Open Daniel-Mietchen opened 4 years ago
X might as well be - perhaps with some pre-processing to enhance performance and avoid copyright issues - something else than suggested above, e.g.
I took the "Extraction" query from https://tools.wmflabs.org/ordia/text-to-lexemes and combined it with the title word extraction query from https://www.wikidata.org/wiki/Wikidata:University_of_Virginia/Listeria/UVa_people/Common_words_in_titles_of_UVA-coauthored_publications_without_P921_(main_subject)_statement .
I could not get the lexeme part to work yet, but the basic parts of the pipeline work with this query:
SELECT DISTINCT
?word ?wordUrl
?form ?formLabel
?lexeme ?lexemeLabel
?lexical_category ?lexical_categoryLabel
(GROUP_CONCAT(DISTINCT ?featureLabel; separator=" // ") AS ?features)
?sense ?senseLabel
(IRI(CONCAT("https://commons.wikimedia.org/w/index.php?title=Special:Redirect/file&width=100&wpvalue=",
SUBSTR(STR(SAMPLE(?images)), 52))) AS ?sense_image)
WHERE {
{
SELECT DISTINCT ?x ?title WHERE {
?x wdt:P921 wd:Q202864 ;
wdt:P1476 ?title.
FILTER(STRLEN(?title) >= 6)
}
LIMIT 100
}
BIND(LCASE(?title) AS ?ltitle)
BIND(REPLACE(?ltitle, "^.*?(\\b\\w{6,}\\b).*$", "$1") AS ?w1)

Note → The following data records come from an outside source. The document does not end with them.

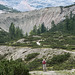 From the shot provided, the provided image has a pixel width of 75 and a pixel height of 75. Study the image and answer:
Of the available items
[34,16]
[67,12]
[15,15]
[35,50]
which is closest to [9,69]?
[35,50]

BIND(REPLACE(STRAFTER(?ltitle, ?w1), "^.*?(\\b\\w{6,}\\b).*$", "$1") AS ?w2)
BIND(REPLACE(STRAFTER(?ltitle, ?w2), "^.*?(\\b\\w{6,}\\b).*$", "$1") AS ?w3)
VALUES ?w_ { 1 2 3 }
BIND(IF(?w_ = 1, ?w1, IF(?w_ = 2, ?w2, ?w3)) AS ?word)
FILTER(REGEX(?word, "^\\w+$")) # since ?w may evaluate to an empty string, e.g. for one-word titles
FILTER (LANG(?word) = "en")
OPTIONAL {
?form ontolex:representation ?word .
OPTIONAL {
?form wikibase:grammaticalFeature ?feature .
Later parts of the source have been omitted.